L'écologiste Loïc Minery était tête de liste de l'union de la gauche aux dernières élections municipales à Mulhouse en 2020. Il préside "Mulhouse Cause Commune", le groupe d'opposition municipale de gauche. À un peu plus d'un an du prochain rendez-vous électoral local, rencontre au milieu d'une foule sociale et solidaire. Transcription d'une interview radio (à écouter ici) réalisée par Jean-Luc Wertenschlag pour l'Alterpresse68, Radio Quetsch et Warum Net Experience.
[JLW] Nous sommes le 25 novembre 2024, nous nous gavons de crémant et de petits fours avec Loïc Minery, le leader des dangereux gauchistes de Mulhouse. Mais qu'est-ce que tu fais là, la bouche pleine ?
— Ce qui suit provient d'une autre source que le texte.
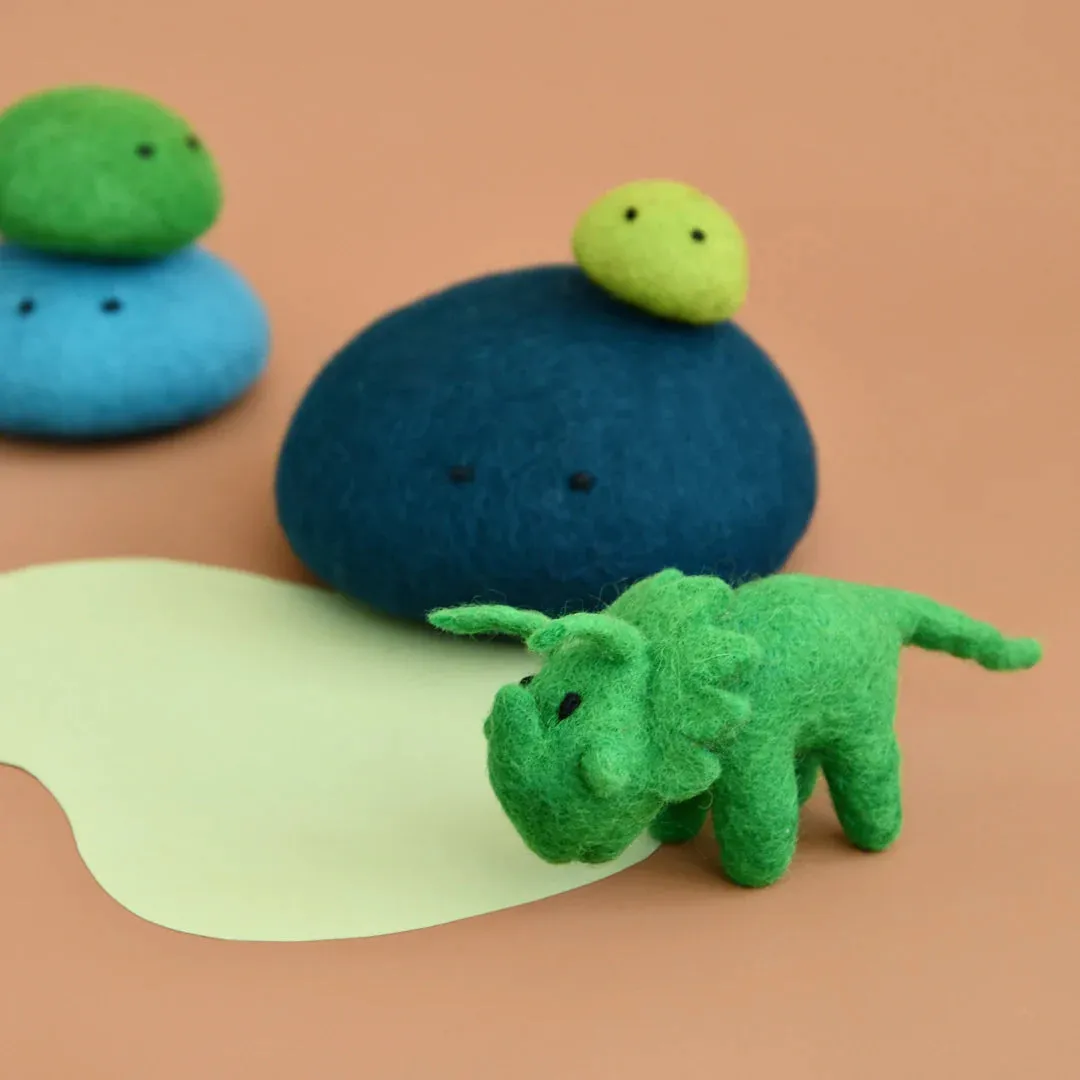 Dashdu Mini Green Felt Triceratops
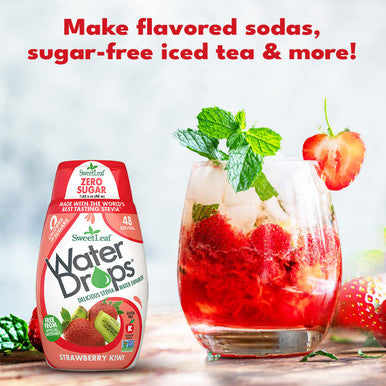 Sweetleaf Water Drops Strawberry Kiwi Sugar- Water Enhancer Drops Stevia & Monk Fruit Sweetener Water Flavoring 1.62 Oz (Pack of 6)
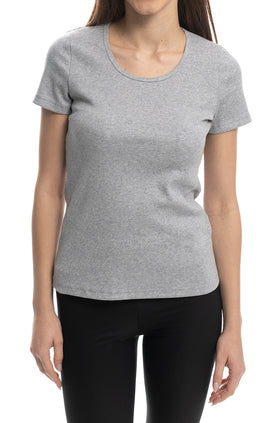 Блуза от памучен рипс, цвят сив меланж 5209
[Loïc Minery] Je suis ici à une journée de conférence sur la thématique de l'économie sociale et solidaire dans le cadre des 10 ans de la loi de l'ESS. L'université de Haute-Alsace, notamment la chaire ESS et le campus Fonderie sont très dynamiques sur ces questions-là. Je viens aussi profiter de tout ce qu'ils nous apportent. J'assiste régulièrement à leurs journées de conférences et autres événements, ça me fait plaisir de venir les rencontrer, de voir aussi qui sont aujourd'hui les acteurs de l'économie sociale et solidaire sur le territoire mulhousien, quelles sont leurs envies, quelles sont les attentes de ces structures.
La loi sur l'économie sociale et solidaire de 2014 sert-elle à quelque chose ?
En France on adore faire des lois, mais la loi ESS de Benoît Hamon 2014, beaucoup disent qu'elle ne sert à rien, si ce n'est son côté symbolique. Est-ce que cette loi sert à quelque chose ?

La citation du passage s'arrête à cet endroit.